G20 membahas Afghanistan pada KTT khusus

G20 membahas Afghanistan pada KTT khusus


Perdana Menteri Italia Mario Draghi menjadi tuan rumah pertemuan puncak khusus Kelompok 20 ekonomi utama pada hari Selasa untuk membahas Afghanistan, karena kekhawatiran tumbuh tentang krisis kemanusiaan yang membayangi setelah kembalinya Taliban ke tampuk kekuasaan.

Oleh staf reporter Berita Vatikan

Kekeringan, kemiskinan, dan ekonomi terjun bebas: Ini adalah beberapa masalah utama yang dihadapi orang-orang yang tinggal di Afghanistan.

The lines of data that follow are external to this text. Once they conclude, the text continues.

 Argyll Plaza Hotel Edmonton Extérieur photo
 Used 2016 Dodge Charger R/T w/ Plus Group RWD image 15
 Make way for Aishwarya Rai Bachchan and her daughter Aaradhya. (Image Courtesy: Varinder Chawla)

Sejak Taliban mengambil alih pada 15 Agustus, krisis kemanusiaan di Afghanistan meningkat, mempengaruhi setidaknya 18 juta orang, atau setengah dari populasi negara itu, meningkatkan prospek eksodus pengungsi.

KTT khusus Kelompok 20 ekonomi utama yang diadakan pada hari Selasa datang hanya sehari setelah Sekretaris Jenderal PBB, Antonio Guterres memperingatkan bahwa negara itu sedang menghadapi momen “make or break” dan mendesak dunia untuk mencegah ekonomi Afghanistan runtuh.

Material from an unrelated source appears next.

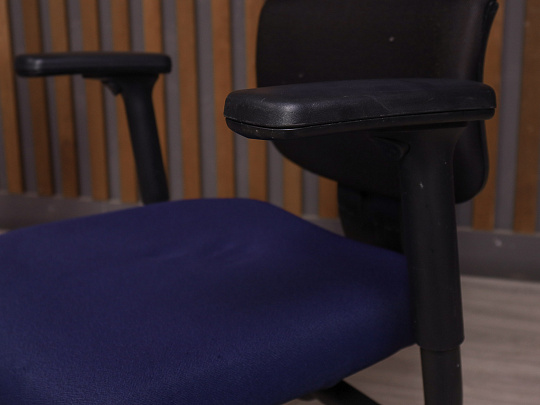 Офисное кресло Steelcase Let`s B Ткань Синий США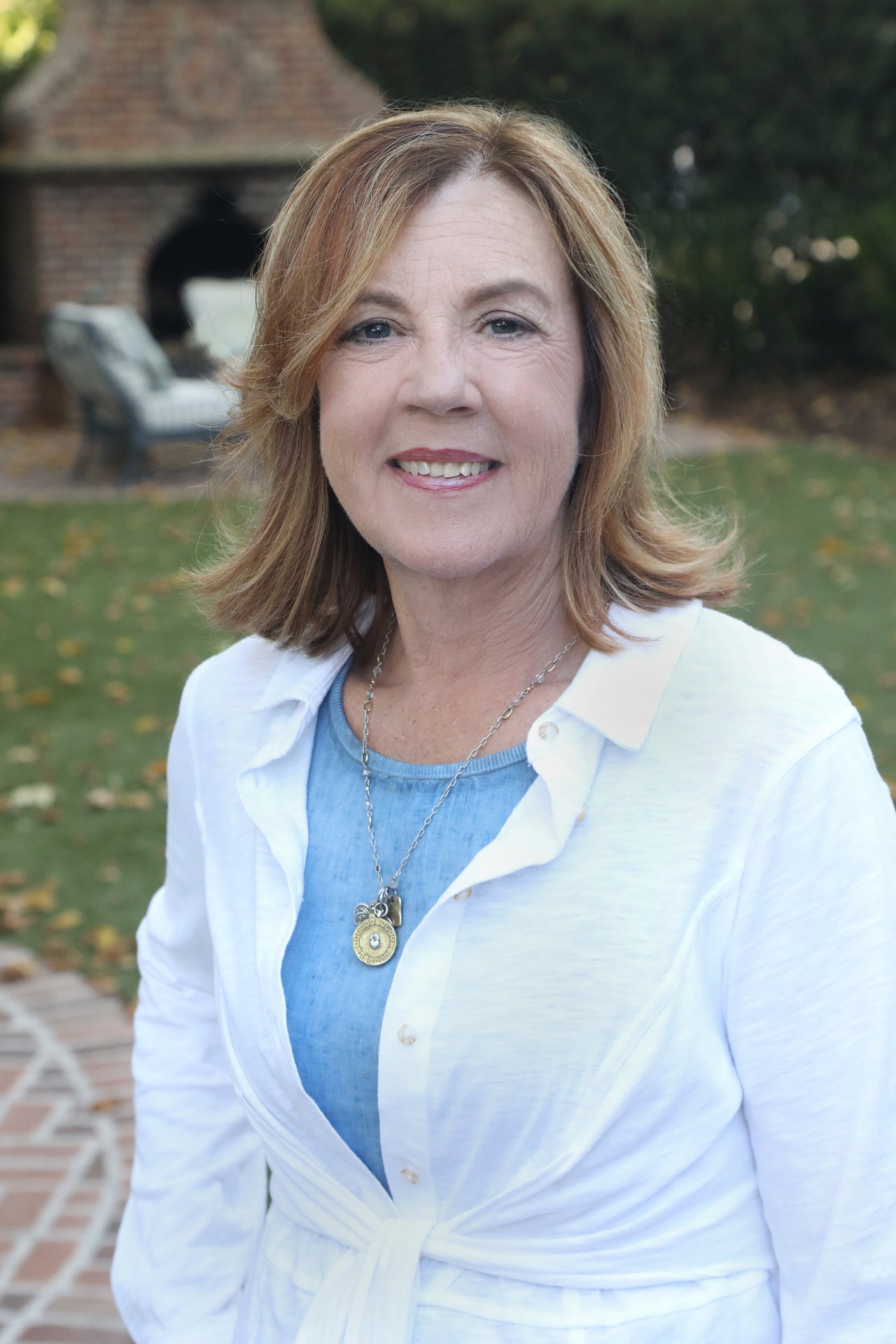 Elizabeth  Breen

Mr Guterres bergabung dalam pertemuan virtual, menggarisbawahi peran sentral yang diberikan kepada PBB dalam mengatasi krisis – sebagian karena banyak negara tidak ingin membangun hubungan langsung dengan Taliban.

KTT, yang diadakan melalui konferensi video, berfokus pada kebutuhan bantuan, kekhawatiran atas keamanan dan cara-cara menjamin perjalanan yang aman ke luar negeri bagi ribuan warga Afghanistan sekutu Barat yang masih berada di negara itu.

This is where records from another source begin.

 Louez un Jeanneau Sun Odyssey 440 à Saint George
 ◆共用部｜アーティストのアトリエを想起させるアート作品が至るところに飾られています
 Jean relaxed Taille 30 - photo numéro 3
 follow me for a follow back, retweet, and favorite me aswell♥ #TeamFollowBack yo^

Mengatasi krisis kemanusiaan

Berbicara pada konferensi pers setelah pertemuan itu, Perdana Menteri Mario Draghi menguraikan hasil diskusi hari Selasa, mengatakan ada kesepakatan yang tak terbantahkan di antara para peserta tentang perlunya mengatasi krisis kemanusiaan yang meningkat di Afghanistan dan menjaga posisi perempuan di negara itu.

Dia juga menggarisbawahi perlunya mempertahankan kontak dengan pemerintah Taliban Afghanistan tetapi mengatakan ini tidak berarti pemerintah Kabul akan diakui secara resmi. Namun, dia ingin menekankan bahwa Afghanistan tidak dapat dibiarkan menjadi surga bagi teroris internasional, menambahkan bahwa belum ada tanda-tanda bahwa Taliban meningkatkan catatan hak asasi manusianya.

Perdana Menteri Italia berkomentar bahwa “Ini adalah tanggapan multilateral pertama terhadap krisis Afghanistan … multilateralisme akan kembali, dengan susah payah, tetapi akan kembali.”

Draghi memuji pertemuan virtual itu sebagai sebuah keberhasilan meskipun tidak ada pemimpin kunci seperti Xi Jinping dari China dan Vladimir Putin dari Rusia.

KTT itu terjadi hanya beberapa hari setelah pejabat senior AS dan Taliban bertemu di Qatar untuk pertemuan tatap muka pertama mereka sejak Taliban merebut kembali kekuasaan.